Look in the material below for the line with "The Serpent With Diamond Eyes Lariat" and the line with "Blue, variant on", then set down exactly those two lines and all lines between, nothing more.

>>>

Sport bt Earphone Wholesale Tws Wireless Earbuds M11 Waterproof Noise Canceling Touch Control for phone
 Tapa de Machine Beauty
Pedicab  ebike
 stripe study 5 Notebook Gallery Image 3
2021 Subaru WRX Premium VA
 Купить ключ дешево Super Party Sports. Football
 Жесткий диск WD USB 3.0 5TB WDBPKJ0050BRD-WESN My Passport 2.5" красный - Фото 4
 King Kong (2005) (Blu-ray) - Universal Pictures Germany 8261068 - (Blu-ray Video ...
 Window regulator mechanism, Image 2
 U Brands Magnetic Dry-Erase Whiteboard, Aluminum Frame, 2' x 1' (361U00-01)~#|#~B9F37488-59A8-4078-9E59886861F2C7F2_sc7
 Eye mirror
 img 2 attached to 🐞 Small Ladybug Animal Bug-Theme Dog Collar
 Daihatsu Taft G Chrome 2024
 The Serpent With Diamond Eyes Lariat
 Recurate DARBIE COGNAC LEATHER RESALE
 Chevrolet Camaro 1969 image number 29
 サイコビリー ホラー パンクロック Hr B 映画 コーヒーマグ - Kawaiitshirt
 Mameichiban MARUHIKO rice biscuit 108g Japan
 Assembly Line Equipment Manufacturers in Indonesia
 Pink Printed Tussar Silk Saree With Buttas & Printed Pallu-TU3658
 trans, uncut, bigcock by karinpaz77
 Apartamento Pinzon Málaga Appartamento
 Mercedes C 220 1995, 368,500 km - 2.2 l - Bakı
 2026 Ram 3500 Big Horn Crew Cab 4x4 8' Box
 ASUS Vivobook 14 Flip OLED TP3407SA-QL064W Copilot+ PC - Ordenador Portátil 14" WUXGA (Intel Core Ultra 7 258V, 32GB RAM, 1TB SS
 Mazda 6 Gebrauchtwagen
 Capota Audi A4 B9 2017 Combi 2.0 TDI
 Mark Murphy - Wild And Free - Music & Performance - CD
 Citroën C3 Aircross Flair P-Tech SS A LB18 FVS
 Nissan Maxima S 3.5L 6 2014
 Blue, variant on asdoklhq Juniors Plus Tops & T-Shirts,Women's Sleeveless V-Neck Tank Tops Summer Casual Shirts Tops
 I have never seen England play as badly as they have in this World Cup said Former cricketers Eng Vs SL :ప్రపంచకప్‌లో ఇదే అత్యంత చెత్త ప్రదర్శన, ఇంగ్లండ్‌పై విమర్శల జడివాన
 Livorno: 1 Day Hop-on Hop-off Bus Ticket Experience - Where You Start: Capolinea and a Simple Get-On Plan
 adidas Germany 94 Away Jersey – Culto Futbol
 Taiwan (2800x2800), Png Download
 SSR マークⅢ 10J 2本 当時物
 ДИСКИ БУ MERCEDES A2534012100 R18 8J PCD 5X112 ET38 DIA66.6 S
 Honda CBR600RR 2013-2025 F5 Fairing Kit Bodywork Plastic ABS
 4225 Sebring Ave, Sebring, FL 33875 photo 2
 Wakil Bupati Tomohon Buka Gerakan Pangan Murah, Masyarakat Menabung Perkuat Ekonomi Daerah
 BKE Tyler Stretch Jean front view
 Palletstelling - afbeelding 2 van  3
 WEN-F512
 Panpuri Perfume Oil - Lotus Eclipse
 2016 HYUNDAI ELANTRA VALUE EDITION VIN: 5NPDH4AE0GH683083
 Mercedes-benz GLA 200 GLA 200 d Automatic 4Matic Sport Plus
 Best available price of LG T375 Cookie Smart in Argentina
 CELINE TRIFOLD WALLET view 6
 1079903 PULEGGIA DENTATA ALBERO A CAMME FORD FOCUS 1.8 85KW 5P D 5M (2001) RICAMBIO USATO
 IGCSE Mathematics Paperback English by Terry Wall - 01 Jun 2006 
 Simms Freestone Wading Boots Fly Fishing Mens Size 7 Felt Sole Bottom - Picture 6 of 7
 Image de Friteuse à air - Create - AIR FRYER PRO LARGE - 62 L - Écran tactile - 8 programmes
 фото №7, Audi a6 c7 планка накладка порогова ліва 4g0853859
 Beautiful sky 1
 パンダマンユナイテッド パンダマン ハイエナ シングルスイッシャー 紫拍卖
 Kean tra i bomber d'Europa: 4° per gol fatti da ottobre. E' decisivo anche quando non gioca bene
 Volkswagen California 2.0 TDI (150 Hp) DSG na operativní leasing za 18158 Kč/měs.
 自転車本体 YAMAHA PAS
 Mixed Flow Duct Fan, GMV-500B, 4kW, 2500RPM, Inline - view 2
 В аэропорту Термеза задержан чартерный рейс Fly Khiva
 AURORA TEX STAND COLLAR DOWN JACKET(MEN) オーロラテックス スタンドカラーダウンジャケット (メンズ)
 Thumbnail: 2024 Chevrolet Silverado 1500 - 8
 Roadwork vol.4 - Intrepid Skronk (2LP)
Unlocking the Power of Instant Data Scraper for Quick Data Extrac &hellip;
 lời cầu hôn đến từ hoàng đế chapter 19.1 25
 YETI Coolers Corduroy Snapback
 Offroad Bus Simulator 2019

<<<

# Reply to the task
 The Serpent With Diamond Eyes Lariat
 Recurate DARBIE COGNAC LEATHER RESALE
 Chevrolet Camaro 1969 image number 29
 サイコビリー ホラー パンクロック Hr B 映画 コーヒーマグ - Kawaiitshirt
 Mameichiban MARUHIKO rice biscuit 108g Japan
 Assembly Line Equipment Manufacturers in Indonesia
 Pink Printed Tussar Silk Saree With Buttas & Printed Pallu-TU3658
 trans, uncut, bigcock by karinpaz77
 Apartamento Pinzon Málaga Appartamento
 Mercedes C 220 1995, 368,500 km - 2.2 l - Bakı
 2026 Ram 3500 Big Horn Crew Cab 4x4 8' Box
 ASUS Vivobook 14 Flip OLED TP3407SA-QL064W Copilot+ PC - Ordenador Portátil 14" WUXGA (Intel Core Ultra 7 258V, 32GB RAM, 1TB SS
 Mazda 6 Gebrauchtwagen
 Capota Audi A4 B9 2017 Combi 2.0 TDI
 Mark Murphy - Wild And Free - Music & Performance - CD
 Citroën C3 Aircross Flair P-Tech SS A LB18 FVS
 Nissan Maxima S 3.5L 6 2014
 Blue, variant on asdoklhq Juniors Plus Tops & T-Shirts,Women's Sleeveless V-Neck Tank Tops Summer Casual Shirts Tops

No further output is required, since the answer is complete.